Singaporean machine manufacturing company Cenozoic Robotics has launched a new cleaning robot, named the Spot Cleaner 50 (SP 50), which is designed to check its own work.
The company has described this as an anonymous cleaning machine and claims it can save labour time spent on floor cleaning, while also improving the cleaning consistency and results.
Labour shortages in the cleaning industry have stimulated increasing demand for cleaning robots, especially autonomous floor cleaning robots, Cenozoic Robotics has said.
Read more: Clean machines
One of the main cleaning applications which the company says cannot be completed by a robot is ‘patrol cleaning’, as sensors work by acting passively to avoid obstacles, instead of actively detecting and cleaning spills and/or debris on the floor.
What’s more, robots are not suited to operating in environments with many people, meaning most of them are set to work in the early morning or late night, when areas are more likely to be vacant.
Lastly, as current robots often work along pre-programmed routes in a single pass, they cannot check if the floor has actually been cleaned. Cenozoic Robotics has said that this means a morning inspection will often find uncleaned areas that require a human follow-up.

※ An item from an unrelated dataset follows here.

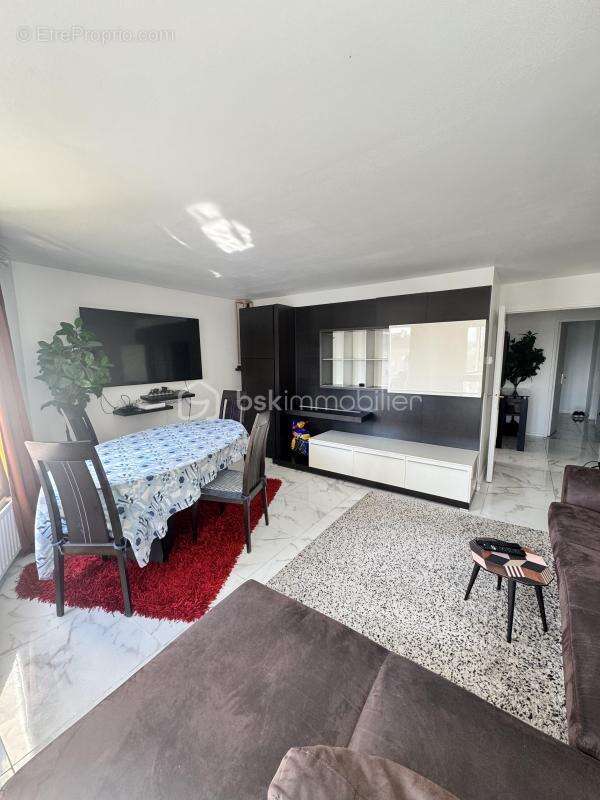 Appartement à CRETEIL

As a response to these challenges, Cenozoic Robotics developed the SP 50. The machine uses the company’s proprietary artificial intelligence (AI)-powered algorithms, which reportedly enable it to detect stains and debris. It is designed to then automatically adjust the cleaning mode and run the spot-cleaning in the same manner as a human professional would.
Leveraging software company Nvidia’s Xavier AI edge computing chips and multi-channel 3D lidar, the SP 50 can pass through high-traffic areas while assuring a clean floor every time, according to its developer.
Finally, the company has added that the bot can also perform a cleaning result checkup, meaning it will repeatedly clean the same area to ensure the job is properly done every time.